▶ Task item: Search the listing below for the word "Gold" and copy each line where it appears.

══ Dataset entries ══

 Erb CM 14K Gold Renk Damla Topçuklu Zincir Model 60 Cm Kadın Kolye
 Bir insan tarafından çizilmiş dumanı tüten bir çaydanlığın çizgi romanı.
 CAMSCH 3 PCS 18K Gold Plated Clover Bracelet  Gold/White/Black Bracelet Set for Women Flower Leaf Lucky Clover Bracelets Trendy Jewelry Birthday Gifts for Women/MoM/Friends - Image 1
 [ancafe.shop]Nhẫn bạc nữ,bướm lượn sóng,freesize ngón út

═══
══ Dataset entries ══

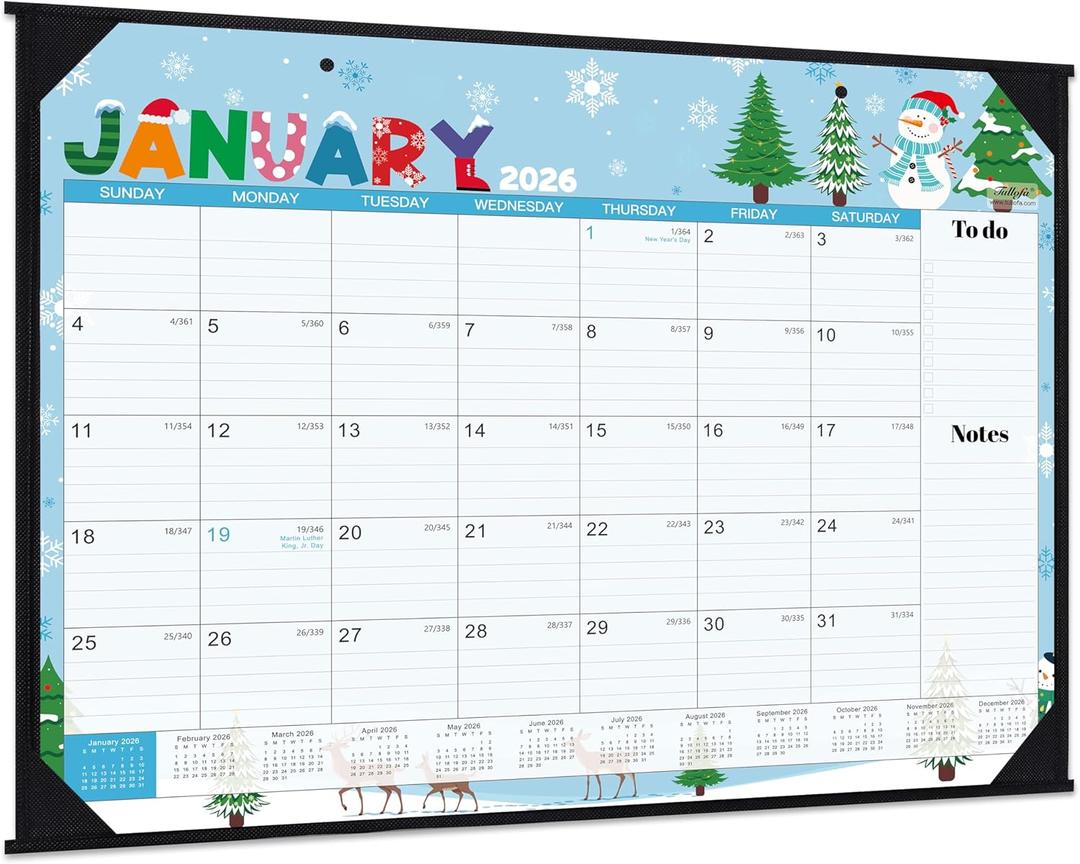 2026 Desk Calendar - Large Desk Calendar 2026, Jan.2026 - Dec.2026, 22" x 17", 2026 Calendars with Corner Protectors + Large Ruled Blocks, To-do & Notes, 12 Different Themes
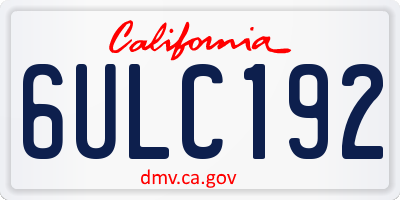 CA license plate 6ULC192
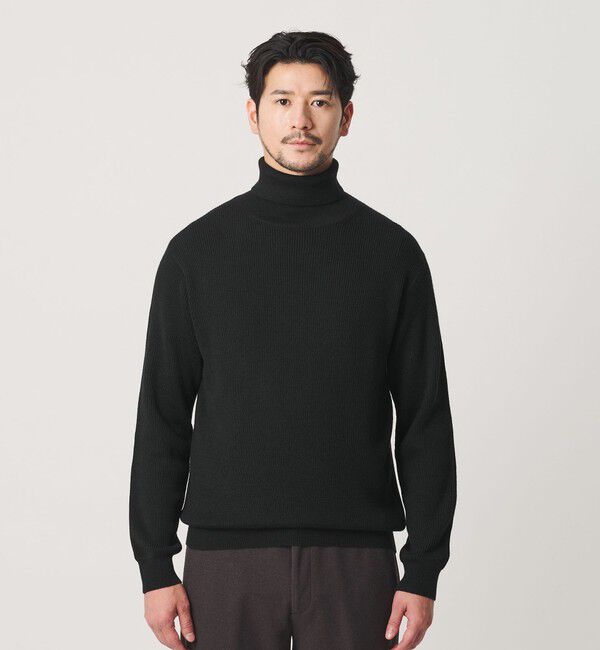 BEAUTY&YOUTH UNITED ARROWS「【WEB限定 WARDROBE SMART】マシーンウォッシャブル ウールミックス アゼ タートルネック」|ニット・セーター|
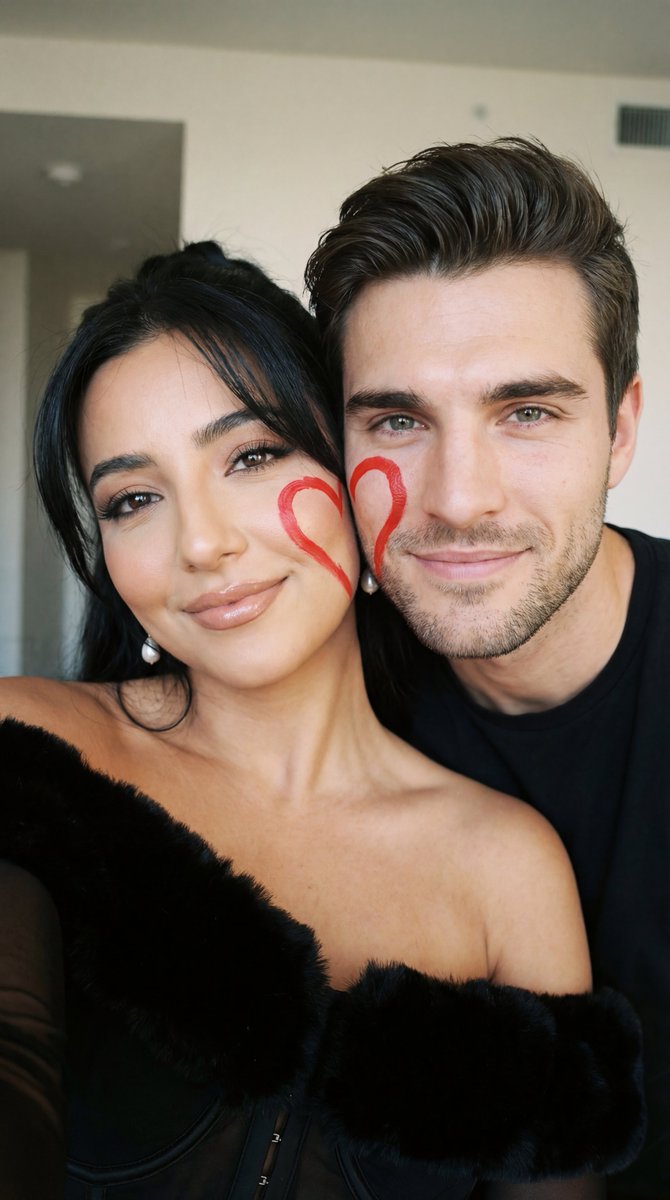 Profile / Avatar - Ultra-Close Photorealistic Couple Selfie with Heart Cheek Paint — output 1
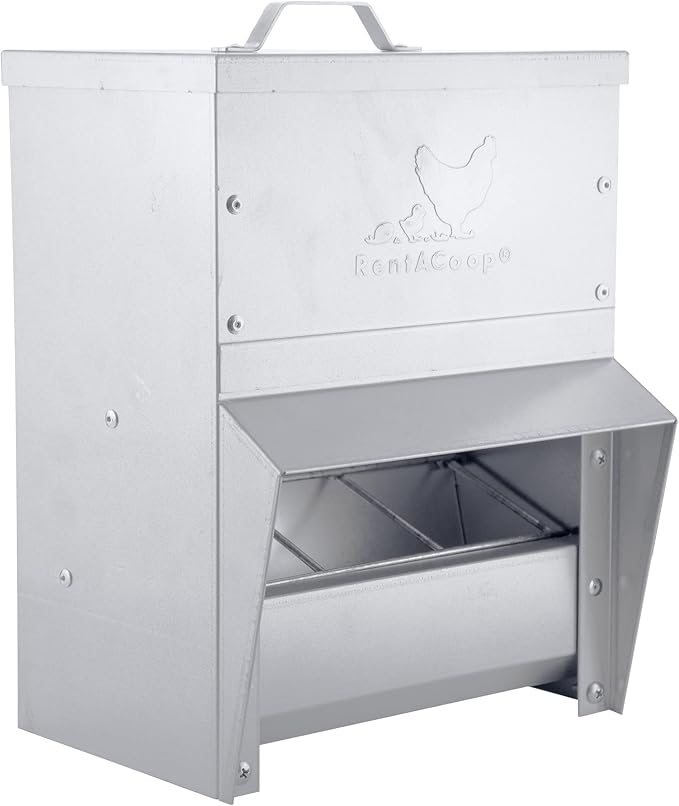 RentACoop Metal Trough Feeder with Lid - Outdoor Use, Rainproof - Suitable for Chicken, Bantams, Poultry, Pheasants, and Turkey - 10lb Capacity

═══

▶ Answer space:
 Erb CM 14K Gold Renk Damla Topçuklu Zincir Model 60 Cm Kadın Kolye
 CAMSCH 3 PCS 18K Gold Plated Clover Bracelet  Gold/White/Black Bracelet Set for Women Flower Leaf Lucky Clover Bracelets Trendy Jewelry Birthday Gifts for Women/MoM/Friends - Image 1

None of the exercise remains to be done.